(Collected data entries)
■ ■ ■ ■ ■ ■ ■
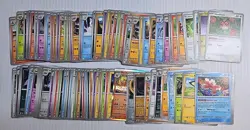 Pokemon 1000 Card Bulk Lot Common Uncommon New Cards Mixed No Energy 1,000 - Image 3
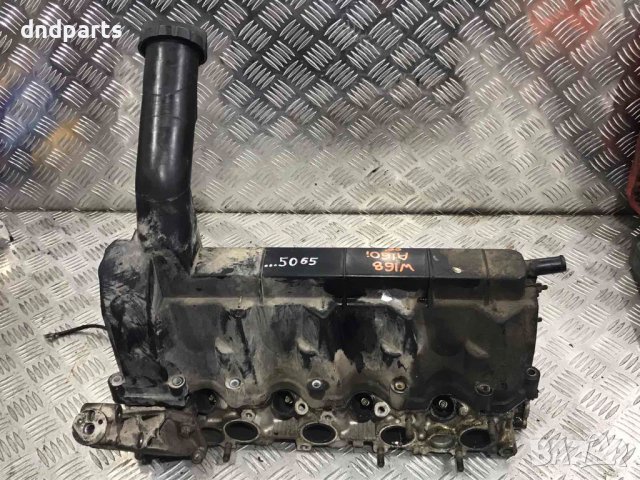 Глава Mercedes A160,W168,2000г.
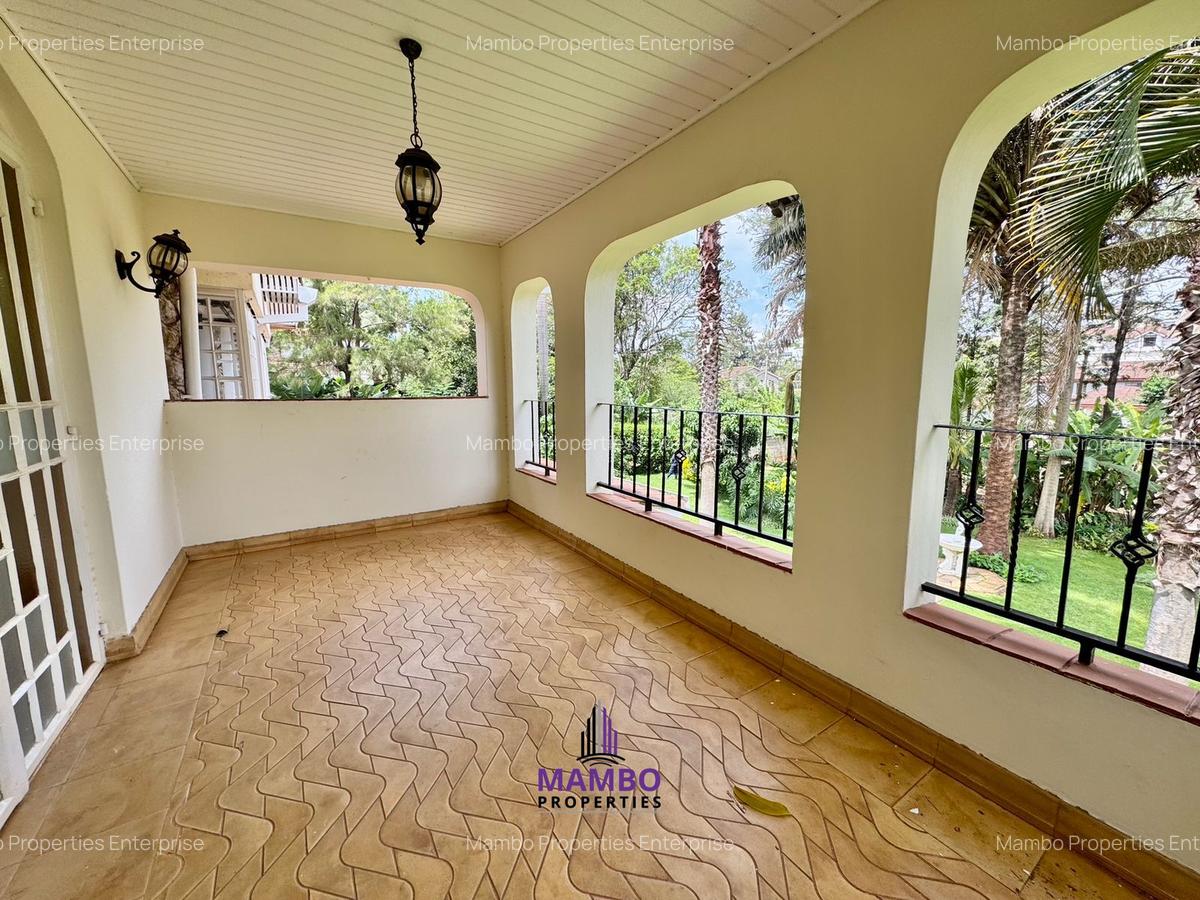 4 Bed House with En Suite at Gigiri - 16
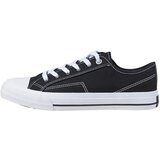 Jack & Jones Nizke superge črna / bela | Shoptok.si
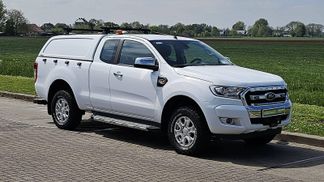 Leasing Pickup Ford Ranger 2019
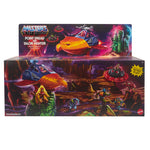Veículo Point Dread and Talon Fighter Masters of the Universe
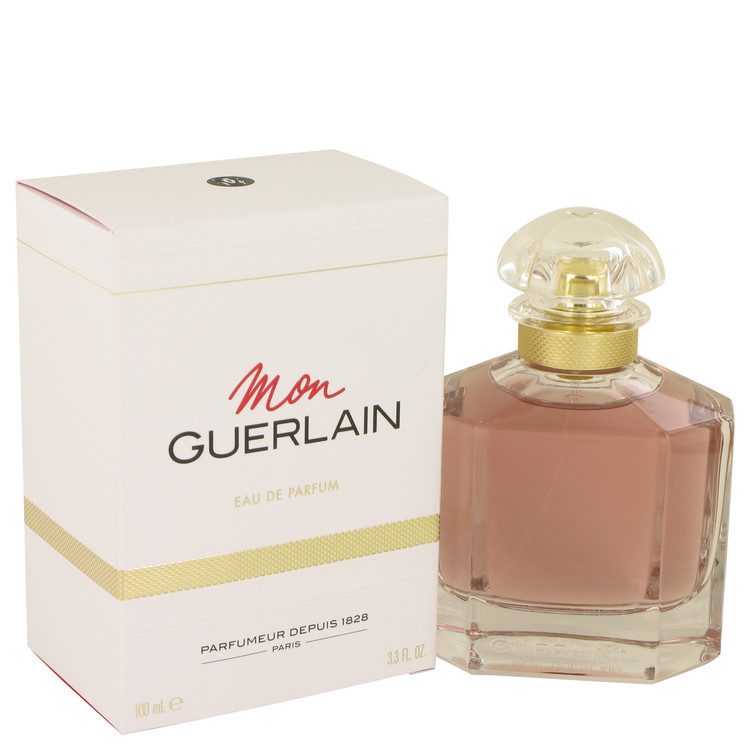Mon Guerlain by Guerlain Eau de Toilette Spray 30 ml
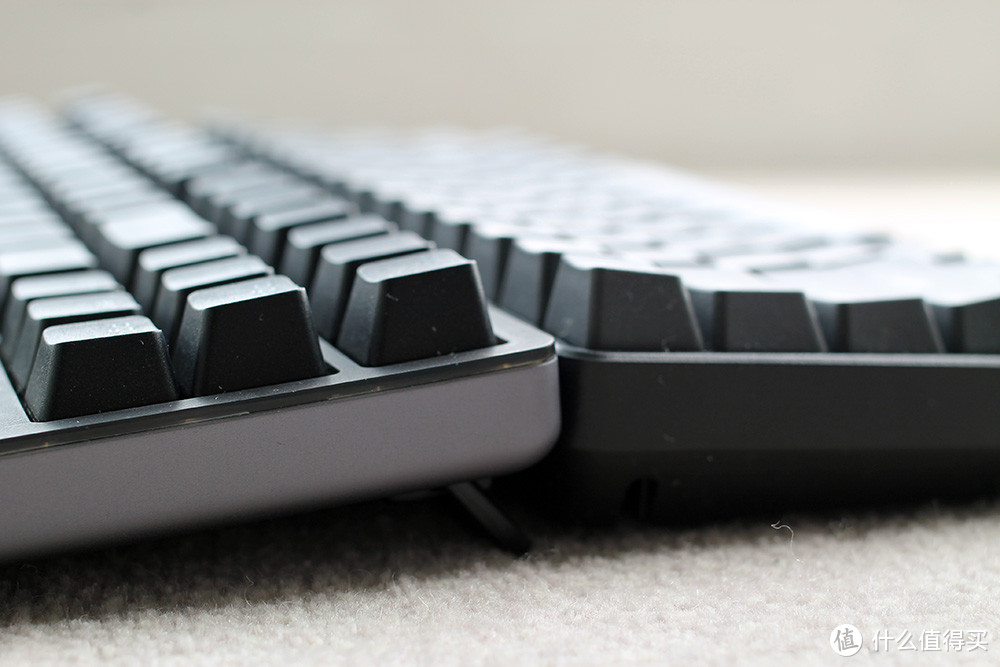高颜值国货机械键盘——悦米机械键盘（cherry版）对比ikbc众测体验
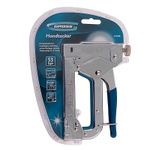 Степлер мебельный, тип скобы 53, 4-14мм, регулируемый, стальной корпус, Gross Handwerker, 41000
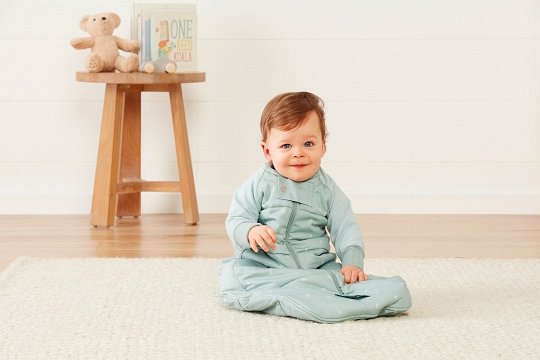 ergoPouch Śpiworek 8-24M 3.5TOG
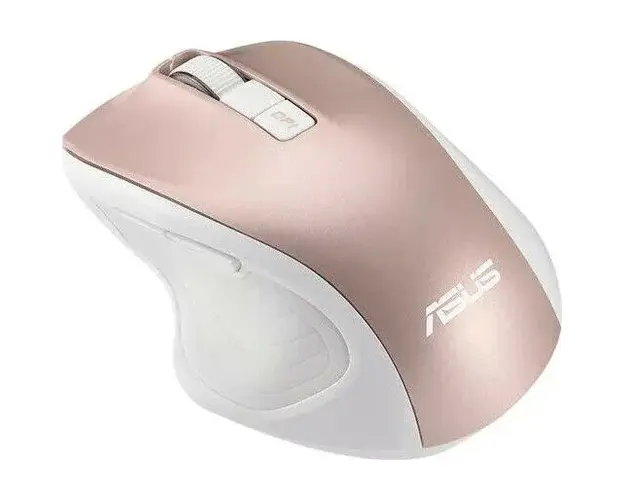 Mouse wireless ASUS MW202, Rose Gold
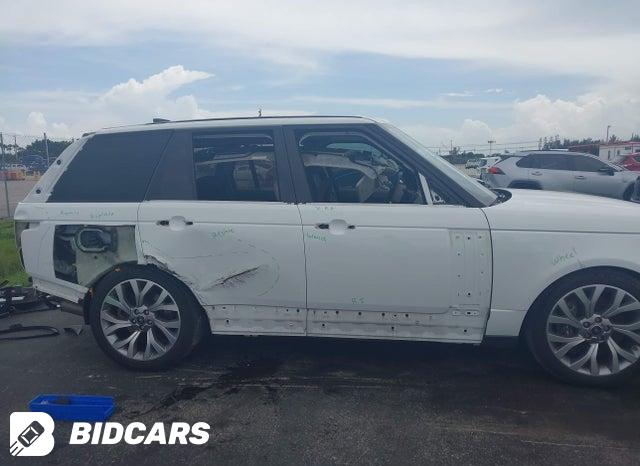 2019 Land Rover Range Rover — VIN SALGS2SV4KA528479, şəkil 6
■ ■ ■ ■ ■ ■ ■
TASK DIRECTIONS – Leave the pictures out and copy the rest of the data exactly.

OUTPUT OF THE TASK –
 Pokemon 1000 Card Bulk Lot Common Uncommon New Cards Mixed No Energy 1,000 - Image 3
 Глава Mercedes A160,W168,2000г.
 4 Bed House with En Suite at Gigiri - 16
 Jack & Jones Nizke superge črna / bela | Shoptok.si
 Leasing Pickup Ford Ranger 2019
Veículo Point Dread and Talon Fighter Masters of the Universe
Mon Guerlain by Guerlain Eau de Toilette Spray 30 ml
高颜值国货机械键盘——悦米机械键盘（cherry版）对比ikbc众测体验
 Степлер мебельный, тип скобы 53, 4-14мм, регулируемый, стальной корпус, Gross Handwerker, 41000
 ergoPouch Śpiworek 8-24M 3.5TOG
 Mouse wireless ASUS MW202, Rose Gold
 2019 Land Rover Range Rover — VIN SALGS2SV4KA528479, şəkil 6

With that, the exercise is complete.